== Exercise objective ==
For this exercise, write out only the lines of the entries below from the one with "Illustrative viola caipira" up to and including the one with "AviBrex 8K HDMI", exactly as they are. Pictures stay out.

== Study material ==
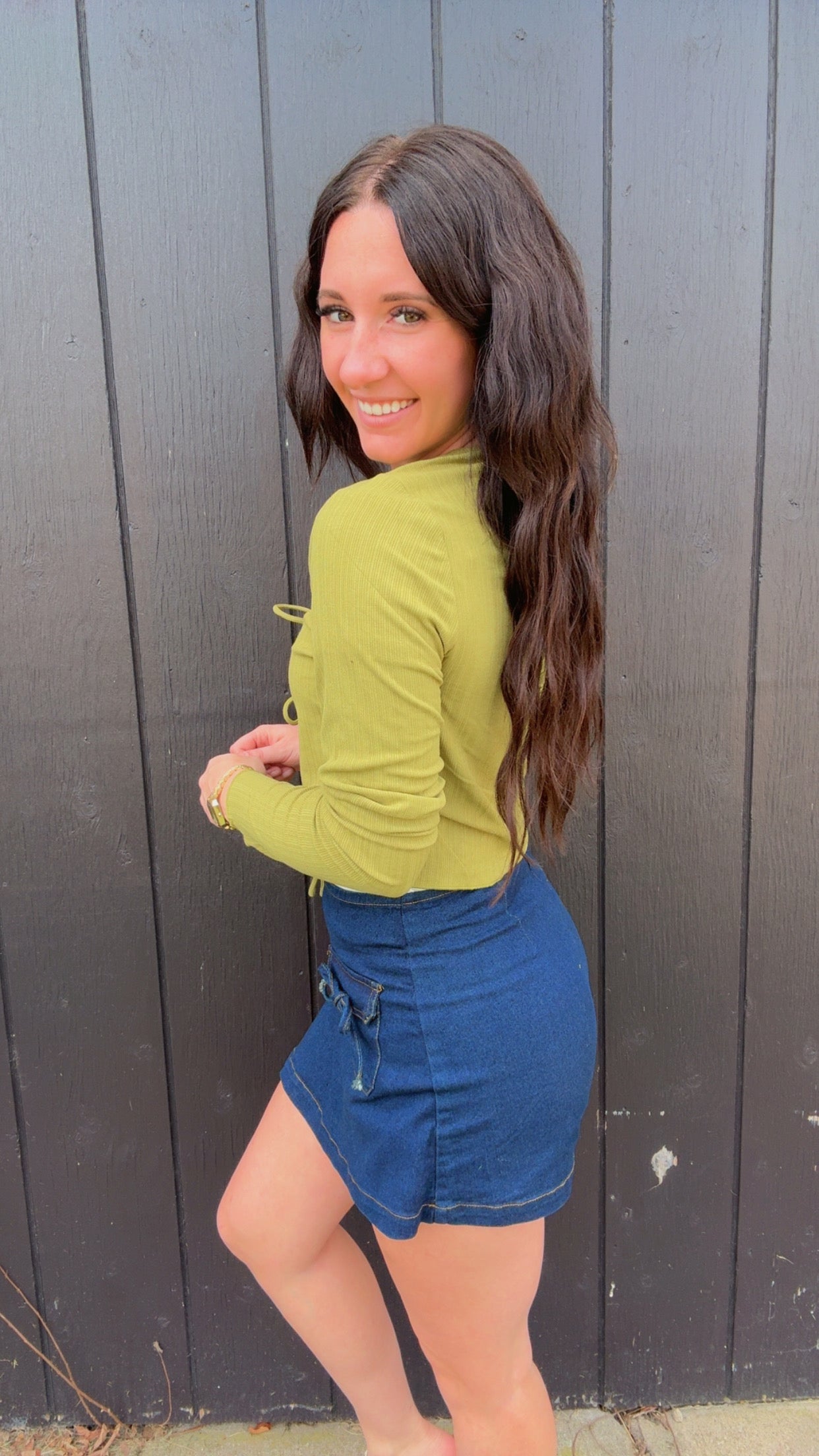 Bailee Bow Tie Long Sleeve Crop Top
* * *
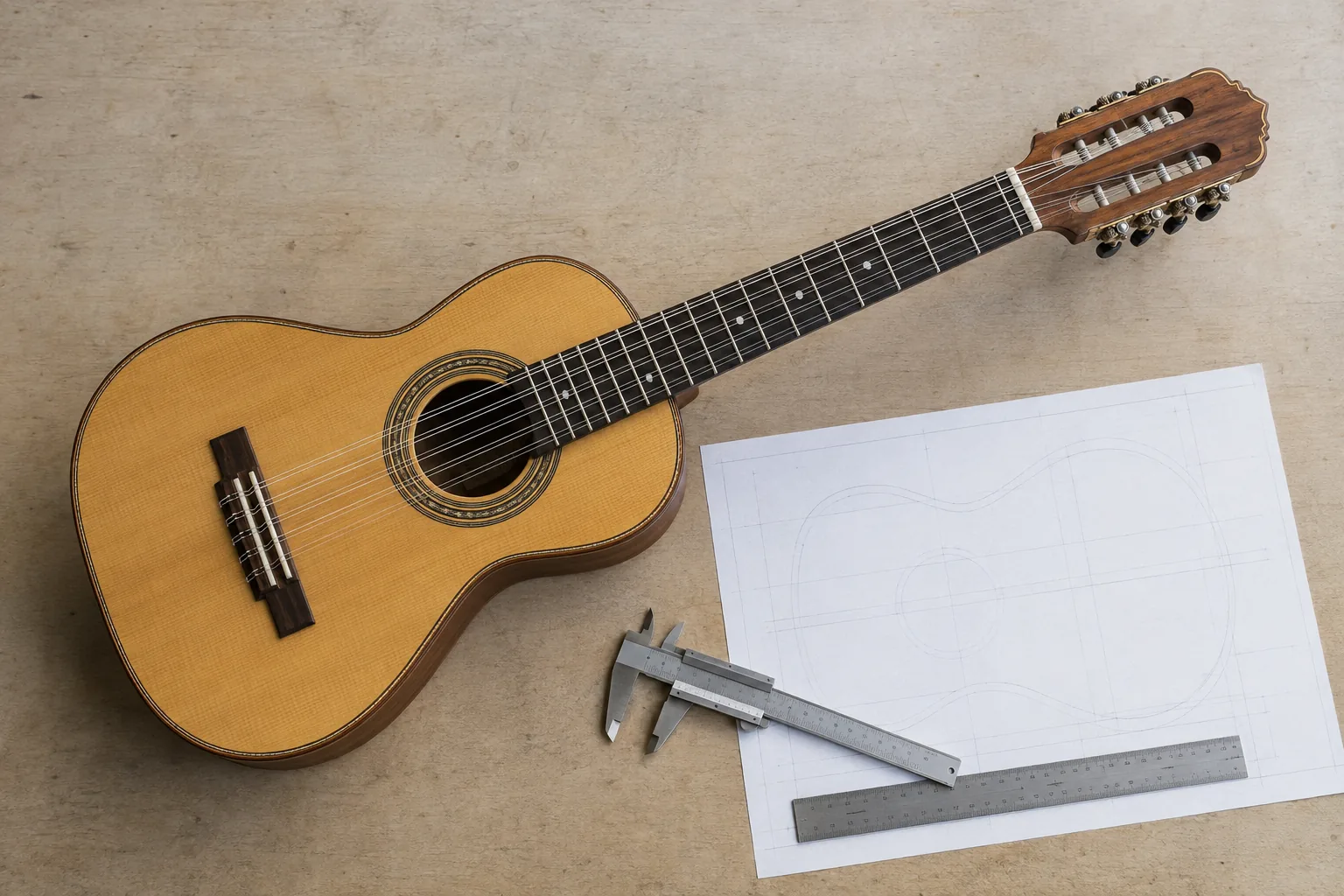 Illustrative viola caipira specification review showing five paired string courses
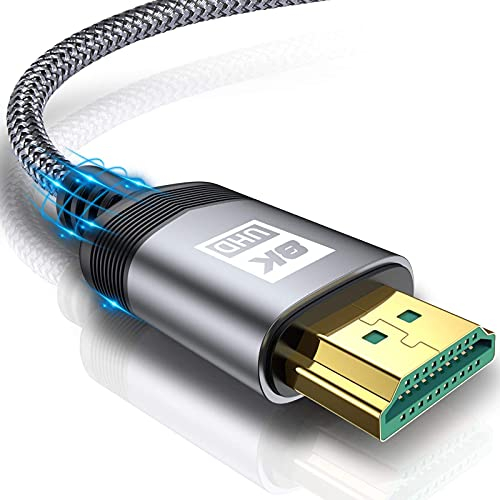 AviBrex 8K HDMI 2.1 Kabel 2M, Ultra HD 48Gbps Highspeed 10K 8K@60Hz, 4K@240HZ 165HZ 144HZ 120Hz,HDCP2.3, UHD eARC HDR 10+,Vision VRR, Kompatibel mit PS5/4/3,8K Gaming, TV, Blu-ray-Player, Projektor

== Task response ==
 Illustrative viola caipira specification review showing five paired string courses
 AviBrex 8K HDMI 2.1 Kabel 2M, Ultra HD 48Gbps Highspeed 10K 8K@60Hz, 4K@240HZ 165HZ 144HZ 120Hz,HDCP2.3, UHD eARC HDR 10+,Vision VRR, Kompatibel mit PS5/4/3,8K Gaming, TV, Blu-ray-Player, Projektor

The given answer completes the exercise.